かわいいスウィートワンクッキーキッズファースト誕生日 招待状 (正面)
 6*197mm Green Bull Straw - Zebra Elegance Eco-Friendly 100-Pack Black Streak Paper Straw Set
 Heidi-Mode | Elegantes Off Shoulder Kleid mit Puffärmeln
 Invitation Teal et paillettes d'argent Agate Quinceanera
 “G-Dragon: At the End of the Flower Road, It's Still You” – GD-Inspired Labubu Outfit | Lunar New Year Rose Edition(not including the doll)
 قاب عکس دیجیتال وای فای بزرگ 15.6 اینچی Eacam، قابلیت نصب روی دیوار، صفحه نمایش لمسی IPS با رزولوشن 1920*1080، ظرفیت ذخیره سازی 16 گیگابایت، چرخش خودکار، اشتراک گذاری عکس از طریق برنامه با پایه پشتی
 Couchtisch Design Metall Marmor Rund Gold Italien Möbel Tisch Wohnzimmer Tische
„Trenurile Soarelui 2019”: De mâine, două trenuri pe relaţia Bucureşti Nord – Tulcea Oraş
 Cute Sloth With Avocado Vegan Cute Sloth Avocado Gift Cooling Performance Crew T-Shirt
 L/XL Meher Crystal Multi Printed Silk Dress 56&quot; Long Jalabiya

^^^^^^^^

**Task item**
Could you retype exactly the lines above, starting at the line that contains "including the doll)" and ending at the line that contains "Nord – Tulcea Oraş", and nothing more?

**Task output**
 “G-Dragon: At the End of the Flower Road, It's Still You” – GD-Inspired Labubu Outfit | Lunar New Year Rose Edition(not including the doll)
 قاب عکس دیجیتال وای فای بزرگ 15.6 اینچی Eacam، قابلیت نصب روی دیوار، صفحه نمایش لمسی IPS با رزولوشن 1920*1080، ظرفیت ذخیره سازی 16 گیگابایت، چرخش خودکار، اشتراک گذاری عکس از طریق برنامه با پایه پشتی
 Couchtisch Design Metall Marmor Rund Gold Italien Möbel Tisch Wohnzimmer Tische
„Trenurile Soarelui 2019”: De mâine, două trenuri pe relaţia Bucureşti Nord – Tulcea Oraş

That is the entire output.